─── RECORDS FOR THE TASK

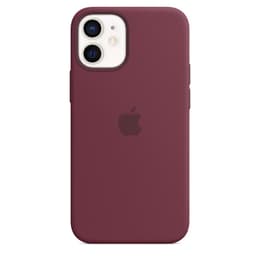 Capa de silicone Apple - iPhone 12 mini - Magsafe - Silicone Violeta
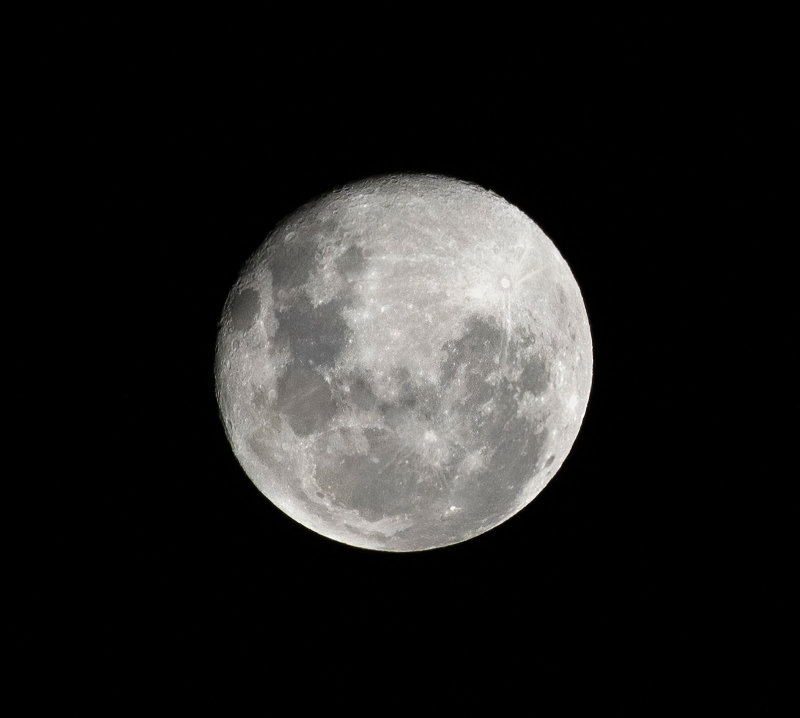 28 April 2021 - missed the super moon by one day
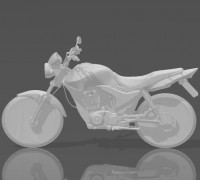 Motocicleta 3D model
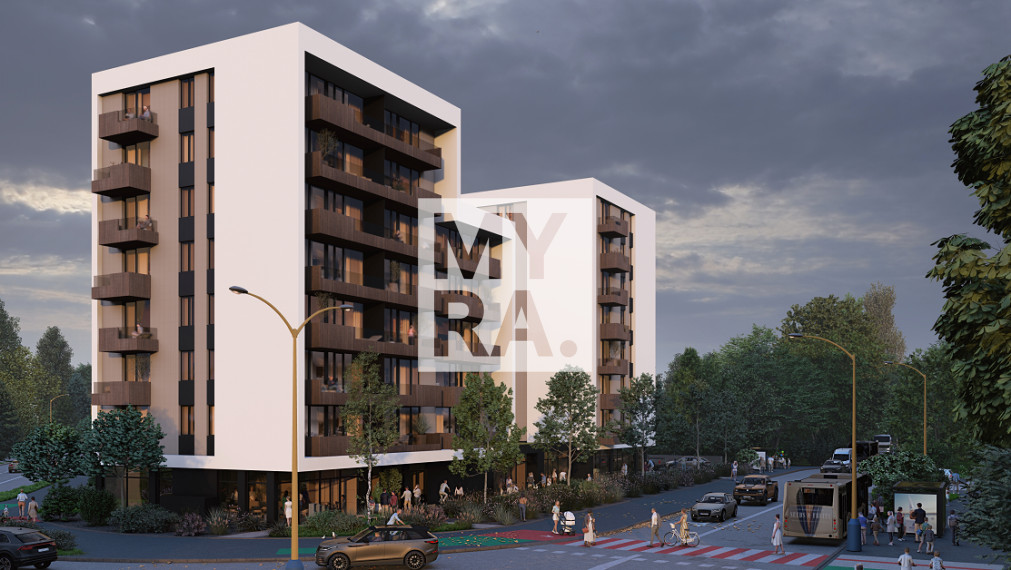 Nebytový priestor na sídlisku Terasa blízko Univerzitnej nemocnice, prízemie, 153 m2, novostavba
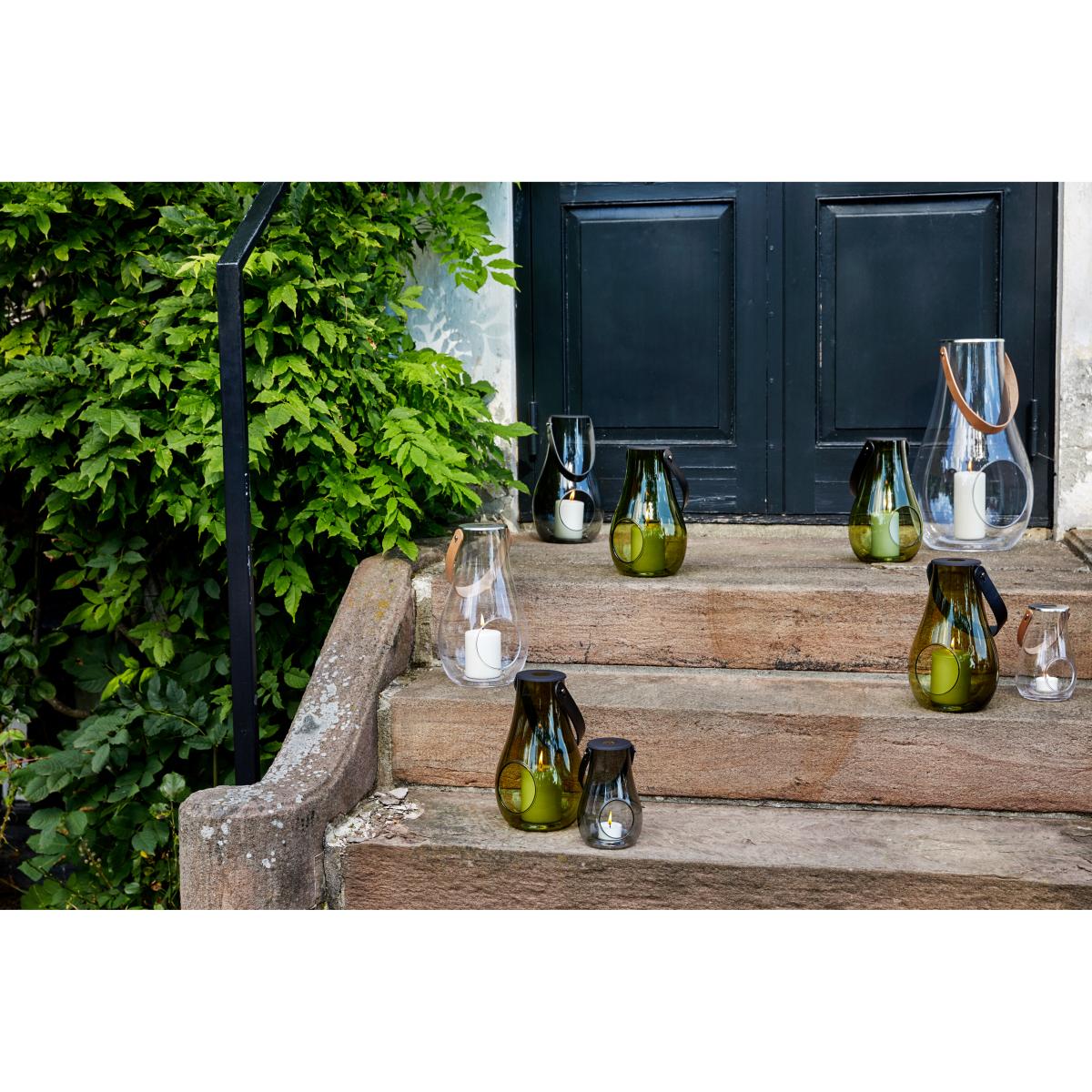 Design With Light lantern olive green 25 cm – image 5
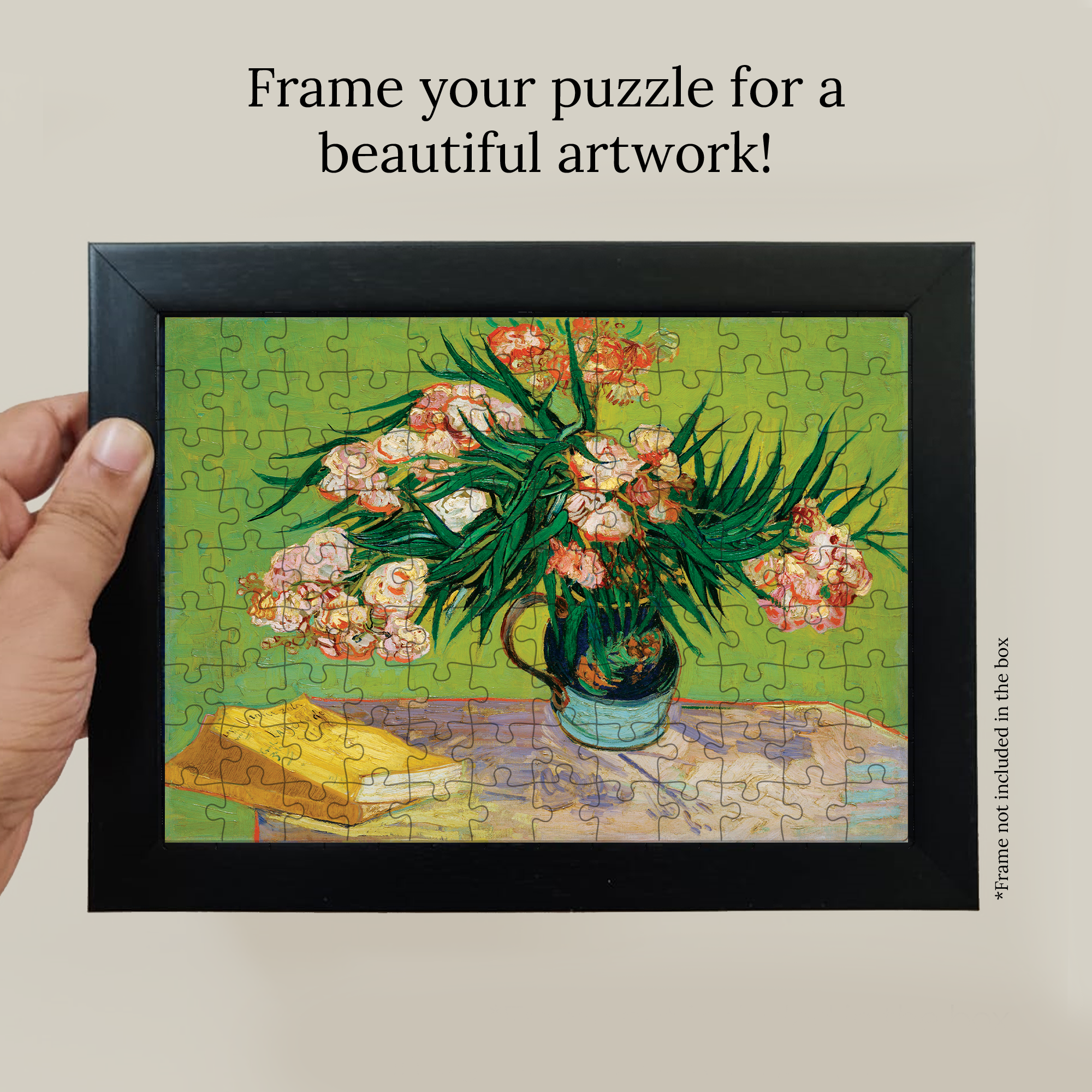 Oleanders (1888) Pocket Puzzle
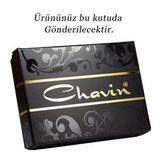 Chavin EC53BY Gri Örgü Kelepçe Çelik Erkek Bileklik
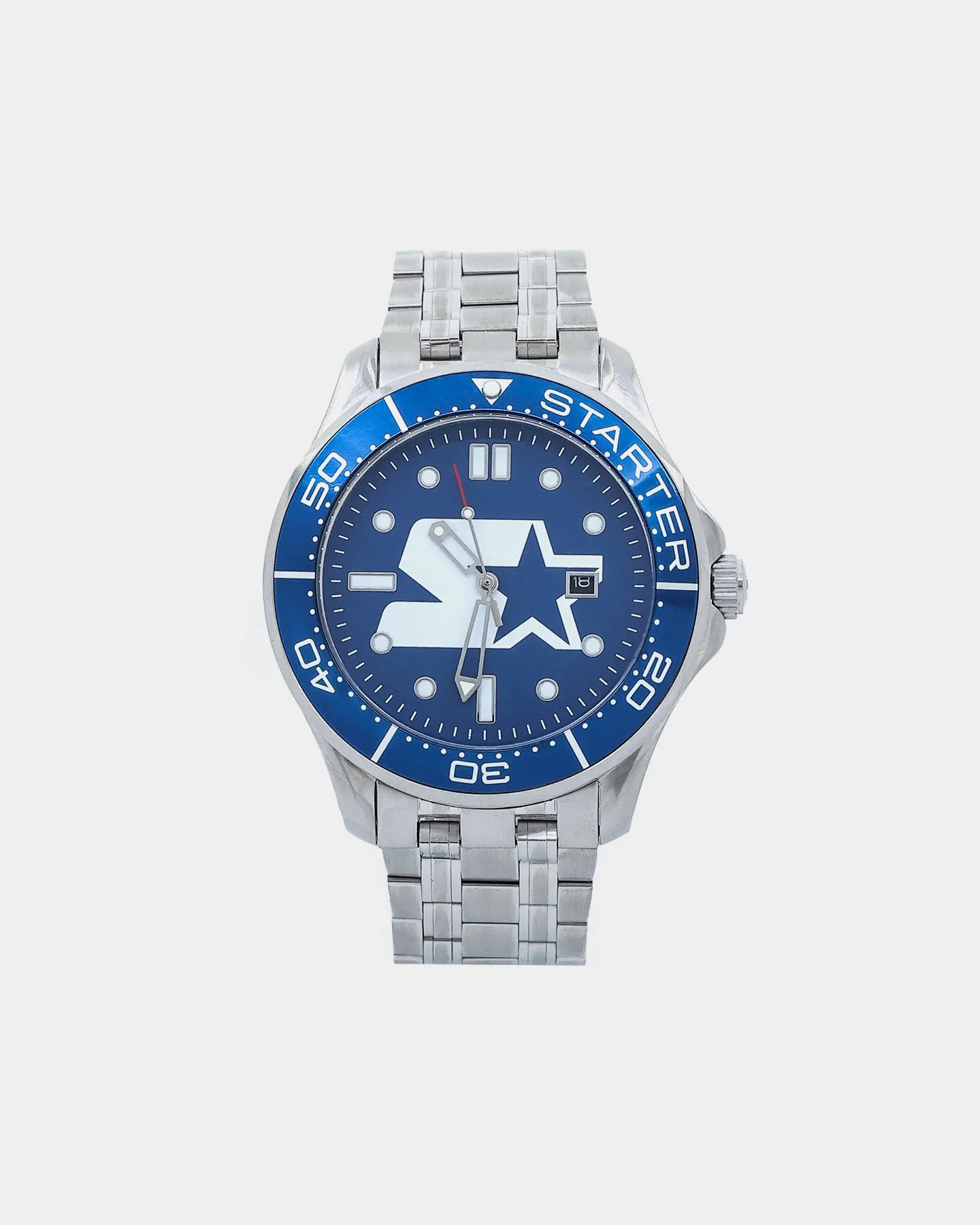 Starter Alumni Watch Silver/Blue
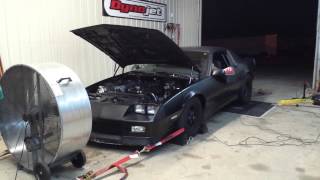 Stock 6.0L 80mm Turbo 800hp dyno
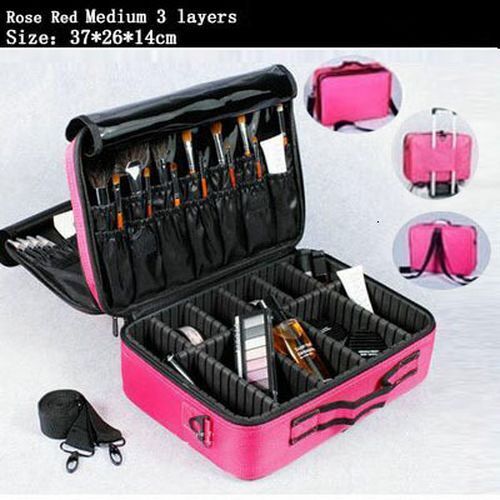 Storage Makeup Organizer Large Cosmetic Bag Makeup Cases Brushes 14*42*28 CM 1PC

──────

Your copy must start at the line that holds "Oleanders (1888) Pocket Puzzle" and end at the last line of the data, both included; it must contain no pictures.

● **EXERCISE RESPONSE**
 Oleanders (1888) Pocket Puzzle
 Chavin EC53BY Gri Örgü Kelepçe Çelik Erkek Bileklik
 Starter Alumni Watch Silver/Blue
 Stock 6.0L 80mm Turbo 800hp dyno
 Storage Makeup Organizer Large Cosmetic Bag Makeup Cases Brushes 14*42*28 CM 1PC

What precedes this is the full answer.